Jersey finger (also called rugby finger or sweater finger) describes a type of injury where there is avulsion of the flexor digitorum profundus (FDP) from the volar base of the distal phalanx base . It classically occurs during certain sports resulting from sudden hyperextension of actively flexed finger (e.g. grabbing opponent's jersey during rugby or American football.)
It most commonly affects the 4digit as the FDP insertion into the ring finger is anatomically weaker than the middle finger .
It is characterized by inability to flex the finger at the distal interphalangeal (DIP) joint. There is a slight extension at this joint. There is pain and tenderness over the volar distal finger.

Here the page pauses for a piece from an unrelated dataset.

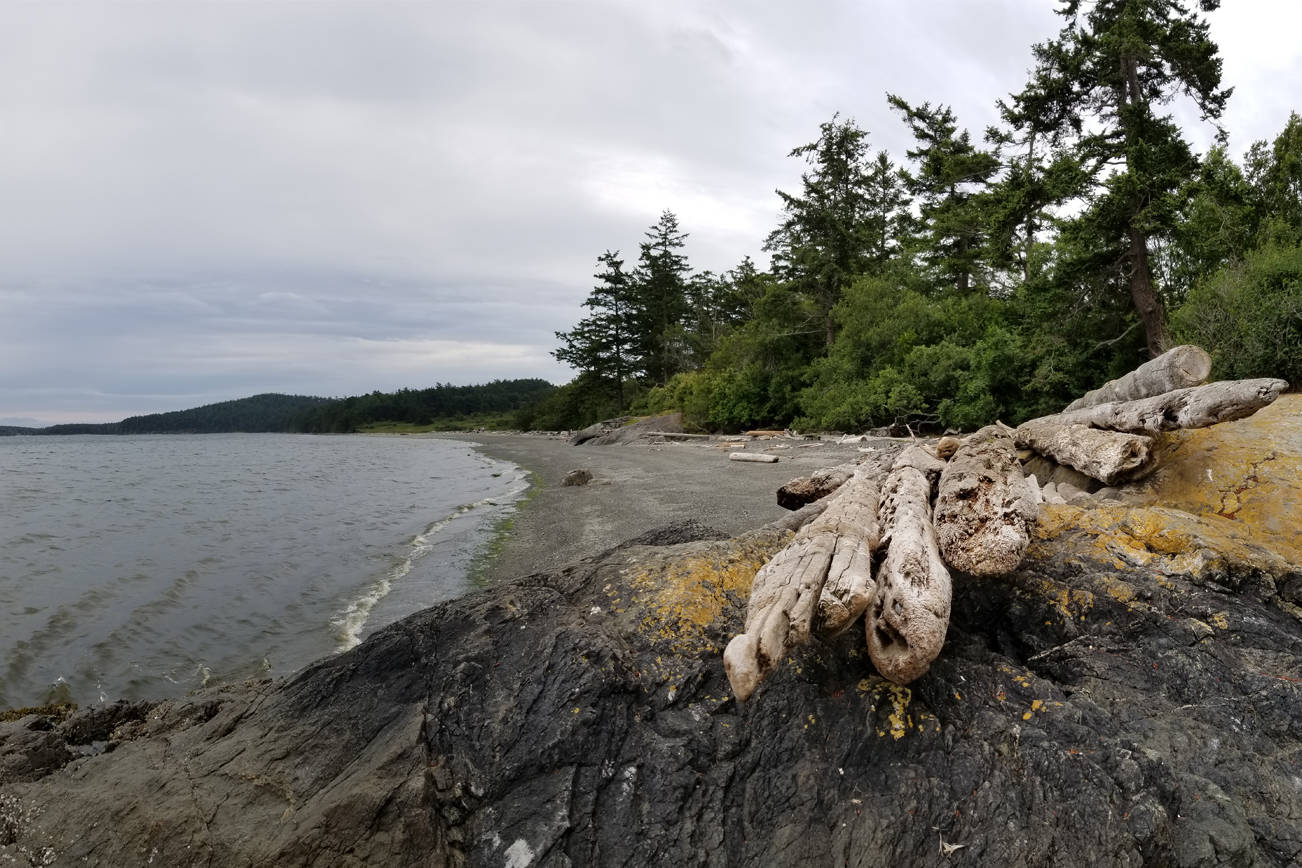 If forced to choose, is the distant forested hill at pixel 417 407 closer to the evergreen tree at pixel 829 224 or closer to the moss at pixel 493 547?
the evergreen tree at pixel 829 224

Radiographs can often be normal . If there is a bony avulsion, plain film would classically show a triangular avulsion fragment at the flexor aspect of the distal phalanx at the distal interphalangeal (DIP) joint and overlying soft tissue swelling.
Disruption of flexor digitorum profundus (FDP) at volar base of distal phalanx ± avulsion fragment. MRI also allows visualization of the location of the end of tendons which will affect the surgical classification and management of the patient .
- unstable DIP joint
- development of secondary osteoarthritic changes
- DIP flexion contracture or quadrigia
Treatment and prognosis
- conservative for partial tear (i.e. splinting, NSAIDs, physical therapy)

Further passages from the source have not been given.